Wildcard Player Prop Bets

Week 17 ended up being my worst of the season with Kenny Golladay not even suiting up, Ryan Griffin seeing no time despite the coach’s suggestions, and both Stefon Diggs and Travis Kelce just falling short of their marks. On the bright side, our Season-long player prop bets finally cashed and my picks went 4-2. It could have been even better if Ezekiel Elliott had scored just two rushing or receiving touchdowns in his final three games, but it wasn’t meant to be. Onto Wildcard Weekend.

Chris Carson Over 19 carries

I’m not entirely sure how sportsbooks set player props, but they certainly don’t put enough weight into trending performances. Chris Carson has been the centerpiece of the Seahawks offense for the past four weeks and has received 19 > 27 > 22 >22 carries.

With the Seahawks traveling to Dallas as one-point underdogs, this game should stay relatively close either way, allowing both teams to execute their run-heavy, ball-control game plan. Nineteen carries has been his floor the past few weeks, and he has the upside to approach 30.

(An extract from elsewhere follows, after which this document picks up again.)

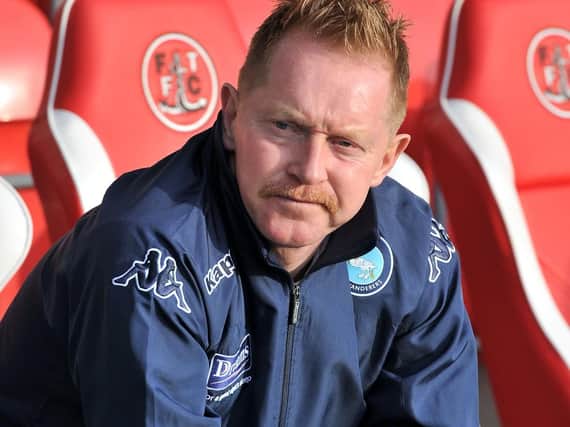 Aldershot manager Gary Waddock during his time at Wycombe.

Andrew Luck Over 292 passing yards

We were on this prop a couple of weeks ago and I’m not afraid to bet it for the second time. Luck’s passing totals against Houston’s are 399 and 464 in the previous two meetings.

For me, it comes down to Houston’s passing defense being somewhat fraudulent. As I pointed out in the last article, they have played against the easiest schedule of opposing passing offenses. Despite playing against a super easy schedule, they only rank 12th in pass defense efficiency. Compare this to Houston’s No. 1 rank in rushing success rate allowed and we can understand it’s much better to attack the Texans through the air. Frank Reich and the Colts seem to know that as well with Luck attempting 41 and 62 passes in their two games against the Texans. Breaking it down by percentages, the Colts passed 73 percent of the time when the game was within one-score which is eight percent higher than their season average.

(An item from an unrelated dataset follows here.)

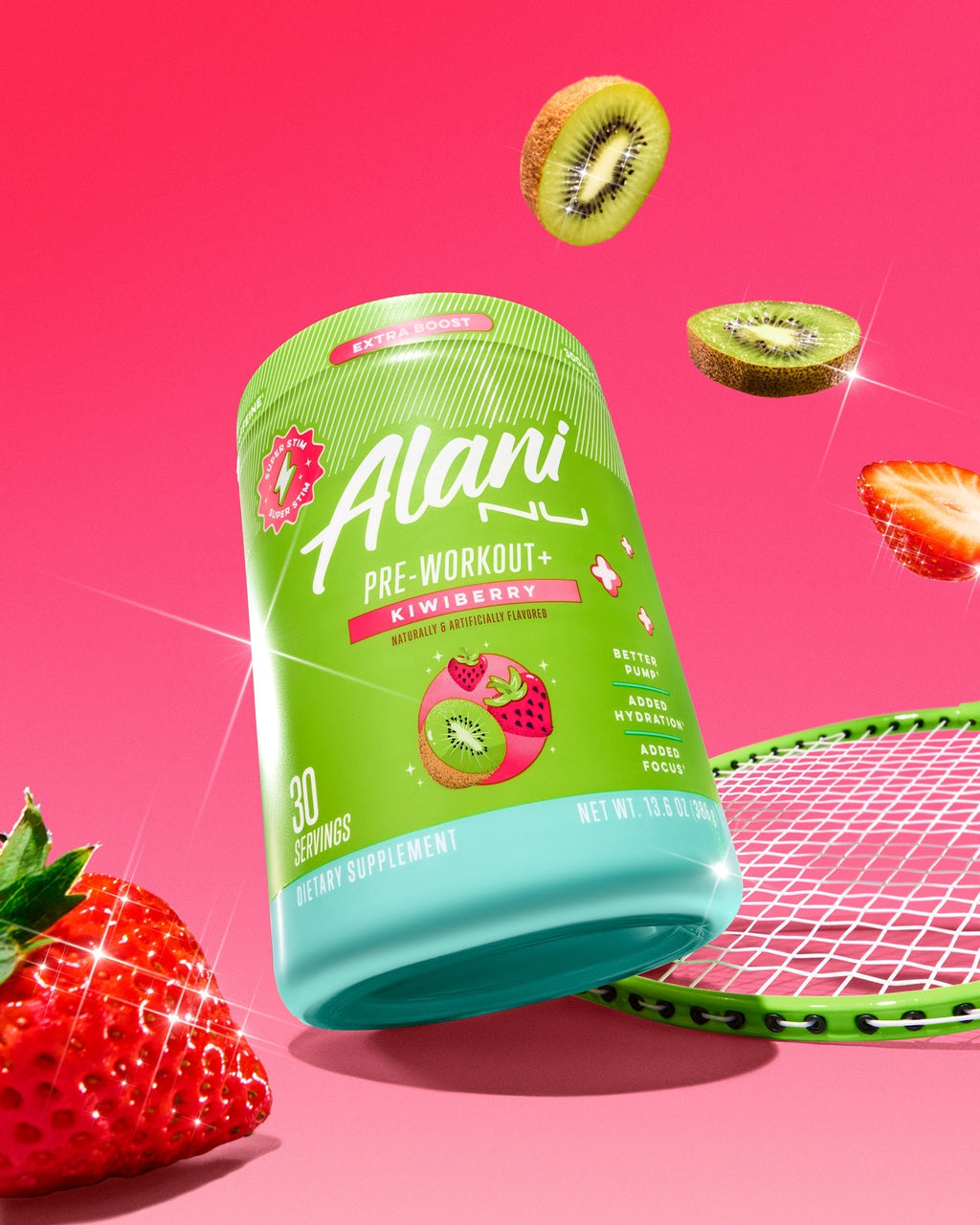 Alani Nu Pre-Workout+ - Kiwiberry W7 - image 4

With a pass-heavy approach against an overrated defense, Luck should easily eclipse 300 yards once again.

Ezekiel Elliott OVER 125 Rushing and Receiving Yards

After resting in Week 17, a report stated that Ezekiel Elliott is ready for his “heaviest workload” of the season. At first glance, it sounds like a stereotypical comment from an egotistical star player, but it makes a lot of sense given the expected game state. The Cowboys are narrow home favorites against the Seahawks who play very similarly to Dallas. Even if the Cowboys somehow fall behind, Elliot will be able to make up ground through the air.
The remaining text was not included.